A curate of my acquaintance, a curate of St. Peter's, Eaton Square, some few years after these events, took his holiday in Greece. He went out as one of a tourist party, but having more time at his disposal than was contemplated by the contracting agency, he stayed on, chartered a dragoman and wandered far and wide. On his return he told me that he had seen Lady Emily Rich at PherÆ in Arcadia, and that he had spoken to her. He had seen her sitting on the door-step of a one-storied white house, spinning flax. She wore the costume of the peasants, which he told me is very picturesque. Two or three half-naked children tumbled about her. They were beautiful as angels, he said, with curly golden hair and extremely light eyes. He noticed that particularly, and recurred to it more than once. Now Lady Emily was a dark girl, with eyes so deeply blue as to be almost black.

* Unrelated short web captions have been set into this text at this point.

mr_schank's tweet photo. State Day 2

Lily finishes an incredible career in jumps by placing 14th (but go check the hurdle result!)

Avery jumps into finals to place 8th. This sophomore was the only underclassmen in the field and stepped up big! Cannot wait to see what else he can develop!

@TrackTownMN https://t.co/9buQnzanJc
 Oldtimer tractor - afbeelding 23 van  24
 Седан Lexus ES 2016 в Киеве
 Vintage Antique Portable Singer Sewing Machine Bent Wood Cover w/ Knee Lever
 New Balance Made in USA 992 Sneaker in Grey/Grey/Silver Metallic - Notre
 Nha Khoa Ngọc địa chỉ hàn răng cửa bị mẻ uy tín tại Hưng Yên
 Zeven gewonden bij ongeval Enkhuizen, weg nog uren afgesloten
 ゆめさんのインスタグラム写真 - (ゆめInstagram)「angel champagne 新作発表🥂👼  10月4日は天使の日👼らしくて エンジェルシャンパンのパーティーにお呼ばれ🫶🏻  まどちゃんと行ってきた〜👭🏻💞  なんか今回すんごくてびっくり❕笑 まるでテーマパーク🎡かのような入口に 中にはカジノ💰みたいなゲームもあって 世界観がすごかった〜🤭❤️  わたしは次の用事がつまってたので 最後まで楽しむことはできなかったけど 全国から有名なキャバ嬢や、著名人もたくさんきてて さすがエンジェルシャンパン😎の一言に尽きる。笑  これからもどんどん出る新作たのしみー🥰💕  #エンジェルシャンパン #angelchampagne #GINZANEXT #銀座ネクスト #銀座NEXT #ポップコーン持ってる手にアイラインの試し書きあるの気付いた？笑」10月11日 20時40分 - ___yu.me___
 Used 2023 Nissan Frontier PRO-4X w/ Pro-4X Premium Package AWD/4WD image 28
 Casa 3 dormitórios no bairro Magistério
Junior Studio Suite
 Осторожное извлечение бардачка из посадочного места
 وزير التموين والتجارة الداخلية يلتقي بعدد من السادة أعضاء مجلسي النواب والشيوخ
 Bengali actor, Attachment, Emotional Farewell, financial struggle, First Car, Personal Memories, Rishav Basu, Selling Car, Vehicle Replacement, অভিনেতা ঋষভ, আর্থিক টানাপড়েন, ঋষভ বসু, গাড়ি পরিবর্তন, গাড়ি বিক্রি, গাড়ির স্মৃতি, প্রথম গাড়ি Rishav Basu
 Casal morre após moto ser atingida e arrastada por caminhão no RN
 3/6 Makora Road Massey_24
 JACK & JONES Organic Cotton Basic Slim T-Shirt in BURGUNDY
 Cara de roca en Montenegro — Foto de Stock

My friend spoke to her, he said. He had seen that she recognised him; in fact, she bowed to him. He felt that he could not disregard her. Mere commonplaces were exchanged. She told him that her husband was away on a journey. She fancied that he had been in England; but she explained half-laughingly that she knew very little about his affairs, and was quite content to leave them to him. She had her children to look after. My friend was surprised that she asked no question of England or family matters; but, in the circumstances, he added, he hardly liked to refer to them. She served him with bread and wine before he left her. All he could say was that she appeared to be perfectly happy.

It is odd, and perhaps it is more than odd, that there was a famous temple of Hermes in PherÆ in former times. Pindar, I believe, acclaimed it in one of his Epinikean odes; but I have not been able to verify the reference.